Although crime policy, criminal procedure, and criminal sanctioning have
been influenced by such social utility analysis, there is no body of commentary
on the criminal law that is equivalent to the body of social utility analysis
for tort law doctrine. 9 Nor has strict liability in the criminal law achieved
anything like the acceptance of related no-fault principles in tort law. Perhaps
because the criminal law is so firmly rooted in a focus on the individual,
these developments have come late to criminal law and penology.

Scholars of both European and North American penal strategies have
noted the recent and rising trend of the penal system to target categories and
subpopulations rather than individuals. This reflects, at least in part, the fact that actuarial
forms of representation promote quantification as a way of visualizing
populations.

Crime statistics have been a part of the discourse of the state for over 200
years, but the advance of statistical methods permits the formulation of concepts
and strategies that allow direct relations between penal strategy and the
population. Earlier generations used statistics to map the responses of normatively
defined groups to punishment; today one talks of “high-rate offenders,”
“career criminals,” and other categories defined by the distribution

itself. Rather than simply extending the capacity of the system to rehabilitate
or control crime, actuarial classification has come increasingly to define the
correctional enterprise itself. 

The importance of actuarial language in the system will come as no surprise
to anyone who has spent time observing it. Its significance, however, is
often lost in the more spectacular shift in emphasis from rehabilitation to
crime control. No doubt, a new and more punitive attitude toward the
proper role of punishment has emerged in recent years, and it is manifest in a
shift in the language of statutes, internal procedures, and academic scholarship.
Yet looking across the past several decades, it appears that the pendulum-like
swings of penal attitude moved independently of the actuarial
language that has steadily crept into the discourse. 

The discourse of the new penology is not simply one of greater quantification;
it is also characterized by an emphasis on the systemic and on formal
rationality. While the history of systems theory and operations research has
yet to be written, their progression from business administration to the military
and, in the 1960s, to domestic public policy must be counted as among
the most significant of current intellectual trends. In criminal justice the
great reports of the late 1960s, like The Challenge of Crime in a Free Society, helped make the phrase “criminal justice system” a part of
everyday reality for the operatives and students of criminal law and policy. 
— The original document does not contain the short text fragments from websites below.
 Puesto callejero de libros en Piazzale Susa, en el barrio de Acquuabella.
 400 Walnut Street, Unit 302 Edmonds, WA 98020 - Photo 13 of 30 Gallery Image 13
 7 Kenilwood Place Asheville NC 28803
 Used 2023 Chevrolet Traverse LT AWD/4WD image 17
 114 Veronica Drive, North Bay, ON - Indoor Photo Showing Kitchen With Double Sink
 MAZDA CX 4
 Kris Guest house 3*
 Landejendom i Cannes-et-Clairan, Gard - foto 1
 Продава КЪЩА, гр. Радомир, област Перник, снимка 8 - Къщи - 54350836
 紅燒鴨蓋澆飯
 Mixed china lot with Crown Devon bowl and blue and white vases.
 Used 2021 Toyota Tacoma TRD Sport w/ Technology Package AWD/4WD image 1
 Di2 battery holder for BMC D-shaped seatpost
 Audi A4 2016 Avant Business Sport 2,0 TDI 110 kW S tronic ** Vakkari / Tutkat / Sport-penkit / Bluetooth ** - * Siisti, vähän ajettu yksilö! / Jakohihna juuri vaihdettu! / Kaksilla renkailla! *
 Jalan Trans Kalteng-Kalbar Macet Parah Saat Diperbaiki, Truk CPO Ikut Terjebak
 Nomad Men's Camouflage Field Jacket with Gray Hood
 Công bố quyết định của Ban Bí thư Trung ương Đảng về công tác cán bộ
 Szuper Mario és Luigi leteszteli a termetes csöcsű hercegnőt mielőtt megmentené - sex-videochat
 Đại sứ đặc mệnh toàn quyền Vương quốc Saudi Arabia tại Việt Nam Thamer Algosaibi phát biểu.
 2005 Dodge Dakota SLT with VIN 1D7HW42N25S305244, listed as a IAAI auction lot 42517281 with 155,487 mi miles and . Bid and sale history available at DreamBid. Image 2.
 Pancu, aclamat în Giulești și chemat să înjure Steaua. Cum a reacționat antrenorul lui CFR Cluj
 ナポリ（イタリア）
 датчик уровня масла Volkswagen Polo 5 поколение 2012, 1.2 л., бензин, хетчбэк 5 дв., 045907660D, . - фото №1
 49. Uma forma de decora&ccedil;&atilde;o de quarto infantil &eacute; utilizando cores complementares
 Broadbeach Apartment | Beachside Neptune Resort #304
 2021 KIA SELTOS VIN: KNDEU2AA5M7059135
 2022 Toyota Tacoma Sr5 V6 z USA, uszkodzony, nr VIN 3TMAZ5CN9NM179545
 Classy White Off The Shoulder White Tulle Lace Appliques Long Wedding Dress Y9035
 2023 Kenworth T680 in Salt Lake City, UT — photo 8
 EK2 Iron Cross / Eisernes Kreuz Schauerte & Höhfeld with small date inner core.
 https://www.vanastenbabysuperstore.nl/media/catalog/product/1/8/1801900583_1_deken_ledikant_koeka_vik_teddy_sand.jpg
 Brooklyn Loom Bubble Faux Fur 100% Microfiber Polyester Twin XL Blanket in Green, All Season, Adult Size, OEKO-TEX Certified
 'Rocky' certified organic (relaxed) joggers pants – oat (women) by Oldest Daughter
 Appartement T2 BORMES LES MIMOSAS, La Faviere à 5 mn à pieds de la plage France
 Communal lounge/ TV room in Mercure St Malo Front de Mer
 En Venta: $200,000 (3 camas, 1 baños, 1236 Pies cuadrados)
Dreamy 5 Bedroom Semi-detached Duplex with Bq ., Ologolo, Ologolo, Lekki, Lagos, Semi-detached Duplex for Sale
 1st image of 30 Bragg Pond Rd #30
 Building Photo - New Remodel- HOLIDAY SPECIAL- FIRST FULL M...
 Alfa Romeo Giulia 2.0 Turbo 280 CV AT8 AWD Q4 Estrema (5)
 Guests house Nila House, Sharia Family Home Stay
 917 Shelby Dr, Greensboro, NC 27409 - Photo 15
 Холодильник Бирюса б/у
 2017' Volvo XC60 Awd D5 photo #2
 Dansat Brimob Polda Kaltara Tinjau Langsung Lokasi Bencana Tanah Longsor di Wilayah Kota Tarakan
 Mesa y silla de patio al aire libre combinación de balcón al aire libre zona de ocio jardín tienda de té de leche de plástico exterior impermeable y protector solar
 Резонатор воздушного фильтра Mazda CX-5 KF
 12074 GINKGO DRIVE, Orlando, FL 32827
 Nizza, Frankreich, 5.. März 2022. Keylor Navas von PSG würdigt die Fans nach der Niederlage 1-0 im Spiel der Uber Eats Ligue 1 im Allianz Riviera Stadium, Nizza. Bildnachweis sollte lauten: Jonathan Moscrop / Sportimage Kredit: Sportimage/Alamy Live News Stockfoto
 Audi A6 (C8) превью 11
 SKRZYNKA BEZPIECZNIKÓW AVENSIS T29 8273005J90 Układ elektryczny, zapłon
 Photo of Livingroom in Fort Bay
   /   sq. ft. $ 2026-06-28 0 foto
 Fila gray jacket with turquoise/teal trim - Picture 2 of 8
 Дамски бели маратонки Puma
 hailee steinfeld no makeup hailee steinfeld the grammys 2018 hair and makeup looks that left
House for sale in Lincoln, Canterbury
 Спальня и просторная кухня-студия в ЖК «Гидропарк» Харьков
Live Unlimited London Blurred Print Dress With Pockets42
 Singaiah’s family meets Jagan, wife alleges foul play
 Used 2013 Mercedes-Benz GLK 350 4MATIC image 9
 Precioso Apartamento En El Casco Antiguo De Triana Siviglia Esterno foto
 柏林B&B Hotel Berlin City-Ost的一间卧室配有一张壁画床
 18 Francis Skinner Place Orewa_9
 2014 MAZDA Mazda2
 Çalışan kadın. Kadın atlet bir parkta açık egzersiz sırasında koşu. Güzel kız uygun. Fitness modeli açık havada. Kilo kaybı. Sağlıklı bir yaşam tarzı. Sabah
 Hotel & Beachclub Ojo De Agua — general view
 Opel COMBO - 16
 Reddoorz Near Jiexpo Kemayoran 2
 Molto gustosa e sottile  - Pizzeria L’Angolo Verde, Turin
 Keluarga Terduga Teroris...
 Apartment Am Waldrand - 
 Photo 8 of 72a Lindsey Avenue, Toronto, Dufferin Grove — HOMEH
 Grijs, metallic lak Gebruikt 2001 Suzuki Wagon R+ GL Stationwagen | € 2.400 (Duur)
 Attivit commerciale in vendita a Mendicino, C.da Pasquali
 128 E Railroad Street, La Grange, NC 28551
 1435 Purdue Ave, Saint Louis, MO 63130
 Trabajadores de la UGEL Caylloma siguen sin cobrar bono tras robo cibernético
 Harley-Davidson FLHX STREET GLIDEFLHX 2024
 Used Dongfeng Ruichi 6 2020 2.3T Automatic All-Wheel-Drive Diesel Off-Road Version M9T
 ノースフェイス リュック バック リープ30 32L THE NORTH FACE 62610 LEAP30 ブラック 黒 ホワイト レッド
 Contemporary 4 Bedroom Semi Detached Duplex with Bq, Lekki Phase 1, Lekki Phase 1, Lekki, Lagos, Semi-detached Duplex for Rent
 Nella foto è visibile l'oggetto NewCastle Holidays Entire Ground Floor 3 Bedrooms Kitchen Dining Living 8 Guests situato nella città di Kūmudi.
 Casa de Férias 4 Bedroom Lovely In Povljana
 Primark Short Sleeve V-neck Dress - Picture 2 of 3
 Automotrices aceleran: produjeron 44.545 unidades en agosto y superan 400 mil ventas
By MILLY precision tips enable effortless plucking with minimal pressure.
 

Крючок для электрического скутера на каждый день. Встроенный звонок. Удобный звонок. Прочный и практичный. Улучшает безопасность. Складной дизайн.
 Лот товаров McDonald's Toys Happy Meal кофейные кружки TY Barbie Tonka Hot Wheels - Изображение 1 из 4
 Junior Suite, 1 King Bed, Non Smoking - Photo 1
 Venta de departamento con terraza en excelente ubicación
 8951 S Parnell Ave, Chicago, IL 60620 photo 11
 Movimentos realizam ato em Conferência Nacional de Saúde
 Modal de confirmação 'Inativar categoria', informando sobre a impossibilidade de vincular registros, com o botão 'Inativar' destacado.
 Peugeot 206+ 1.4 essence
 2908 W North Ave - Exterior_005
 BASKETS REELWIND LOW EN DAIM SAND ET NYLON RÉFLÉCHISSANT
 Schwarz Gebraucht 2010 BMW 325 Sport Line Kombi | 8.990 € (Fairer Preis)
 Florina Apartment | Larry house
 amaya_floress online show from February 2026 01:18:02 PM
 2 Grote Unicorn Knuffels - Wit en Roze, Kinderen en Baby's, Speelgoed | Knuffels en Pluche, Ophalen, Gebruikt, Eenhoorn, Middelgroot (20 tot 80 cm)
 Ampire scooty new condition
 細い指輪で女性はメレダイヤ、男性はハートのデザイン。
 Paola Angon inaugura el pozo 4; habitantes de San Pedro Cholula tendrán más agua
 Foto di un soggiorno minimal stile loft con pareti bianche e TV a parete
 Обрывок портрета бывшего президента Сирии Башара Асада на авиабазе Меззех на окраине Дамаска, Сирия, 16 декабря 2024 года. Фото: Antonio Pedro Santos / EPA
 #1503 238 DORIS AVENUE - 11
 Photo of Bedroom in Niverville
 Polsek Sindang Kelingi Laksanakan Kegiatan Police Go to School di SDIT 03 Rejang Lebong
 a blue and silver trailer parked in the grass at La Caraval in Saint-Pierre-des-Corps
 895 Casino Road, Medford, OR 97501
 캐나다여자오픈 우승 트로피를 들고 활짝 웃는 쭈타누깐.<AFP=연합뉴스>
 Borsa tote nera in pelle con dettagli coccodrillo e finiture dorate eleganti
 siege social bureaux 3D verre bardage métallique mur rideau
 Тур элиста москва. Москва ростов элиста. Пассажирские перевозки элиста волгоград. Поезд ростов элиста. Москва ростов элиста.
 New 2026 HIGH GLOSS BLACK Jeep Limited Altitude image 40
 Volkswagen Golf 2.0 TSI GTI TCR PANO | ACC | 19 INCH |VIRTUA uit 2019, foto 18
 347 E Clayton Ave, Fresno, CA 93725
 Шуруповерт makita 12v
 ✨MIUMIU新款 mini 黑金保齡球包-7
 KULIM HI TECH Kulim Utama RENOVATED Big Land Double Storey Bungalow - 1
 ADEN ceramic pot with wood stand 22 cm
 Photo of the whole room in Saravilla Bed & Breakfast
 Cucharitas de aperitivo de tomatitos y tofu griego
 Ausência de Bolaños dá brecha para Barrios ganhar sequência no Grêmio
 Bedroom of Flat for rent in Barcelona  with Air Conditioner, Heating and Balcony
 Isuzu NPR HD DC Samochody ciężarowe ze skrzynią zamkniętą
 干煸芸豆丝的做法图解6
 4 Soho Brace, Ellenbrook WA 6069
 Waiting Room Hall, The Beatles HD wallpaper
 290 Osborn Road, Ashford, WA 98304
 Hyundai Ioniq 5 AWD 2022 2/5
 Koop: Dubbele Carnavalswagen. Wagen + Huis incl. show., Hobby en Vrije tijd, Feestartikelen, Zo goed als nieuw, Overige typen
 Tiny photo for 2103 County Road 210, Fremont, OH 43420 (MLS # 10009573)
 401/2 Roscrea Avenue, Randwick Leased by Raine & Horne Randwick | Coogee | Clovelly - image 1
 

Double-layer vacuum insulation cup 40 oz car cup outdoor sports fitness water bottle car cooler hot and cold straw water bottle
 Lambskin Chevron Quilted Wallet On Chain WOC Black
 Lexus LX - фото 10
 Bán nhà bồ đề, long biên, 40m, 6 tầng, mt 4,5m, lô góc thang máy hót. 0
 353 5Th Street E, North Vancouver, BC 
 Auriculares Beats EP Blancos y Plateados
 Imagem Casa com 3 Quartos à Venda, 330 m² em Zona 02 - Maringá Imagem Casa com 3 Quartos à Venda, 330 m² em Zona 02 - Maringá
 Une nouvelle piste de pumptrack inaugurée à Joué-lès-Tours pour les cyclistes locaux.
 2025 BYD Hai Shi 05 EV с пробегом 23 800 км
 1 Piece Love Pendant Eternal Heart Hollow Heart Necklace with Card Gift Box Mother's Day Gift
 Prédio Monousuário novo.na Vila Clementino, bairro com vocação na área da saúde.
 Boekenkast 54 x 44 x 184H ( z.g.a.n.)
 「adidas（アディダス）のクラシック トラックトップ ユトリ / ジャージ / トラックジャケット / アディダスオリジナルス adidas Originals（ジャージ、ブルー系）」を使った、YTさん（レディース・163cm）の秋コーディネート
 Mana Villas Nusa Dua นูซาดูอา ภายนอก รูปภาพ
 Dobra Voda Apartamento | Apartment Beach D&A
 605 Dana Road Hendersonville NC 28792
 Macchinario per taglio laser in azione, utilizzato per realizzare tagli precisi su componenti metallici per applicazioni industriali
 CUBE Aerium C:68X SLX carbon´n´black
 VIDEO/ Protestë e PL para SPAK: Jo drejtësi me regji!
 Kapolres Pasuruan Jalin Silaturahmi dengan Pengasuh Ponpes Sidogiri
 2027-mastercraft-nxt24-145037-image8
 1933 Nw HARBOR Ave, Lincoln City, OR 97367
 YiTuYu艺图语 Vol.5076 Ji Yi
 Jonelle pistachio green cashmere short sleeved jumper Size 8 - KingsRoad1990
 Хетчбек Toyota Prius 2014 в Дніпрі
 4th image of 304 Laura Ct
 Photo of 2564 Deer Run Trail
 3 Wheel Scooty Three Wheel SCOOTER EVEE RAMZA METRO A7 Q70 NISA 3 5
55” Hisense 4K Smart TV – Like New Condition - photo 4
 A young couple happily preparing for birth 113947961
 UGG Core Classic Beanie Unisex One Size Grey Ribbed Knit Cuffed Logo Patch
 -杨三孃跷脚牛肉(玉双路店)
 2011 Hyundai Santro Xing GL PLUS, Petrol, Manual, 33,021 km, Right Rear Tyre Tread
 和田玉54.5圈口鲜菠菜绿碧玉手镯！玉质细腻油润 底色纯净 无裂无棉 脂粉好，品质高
Some of the most astute observers identified this change near the outset and
understood that it was distinct from the concurrent rightward shift in penal
thinking. Jacobs (1977) noted the rise at Stateville Penitentiary of what he
called a “managerial” perspective during the mid-1970s. The regime of Warden
Brierton was characterized, according to Jacobs, by a focus on tighter
administrative control through the gathering and distribution of statistical
information about the functioning of the prison. Throughout the 1980s this
perspective grew considerably within the correctional system. Jacobs
presciently noted that the managerial perspective might succeed where traditional
and reform administrations had failed because it was capable of handling
the greatly increased demands for rationality and accountability coming
from the courts and the political system.”

– 

Malcolm M. Feeley & Jonathan Simon, “The New Penology: Notes on the Emerging
Strategy of Corrections and Its Implications.”

30 Criminology 449
(1992), pp. 453-454.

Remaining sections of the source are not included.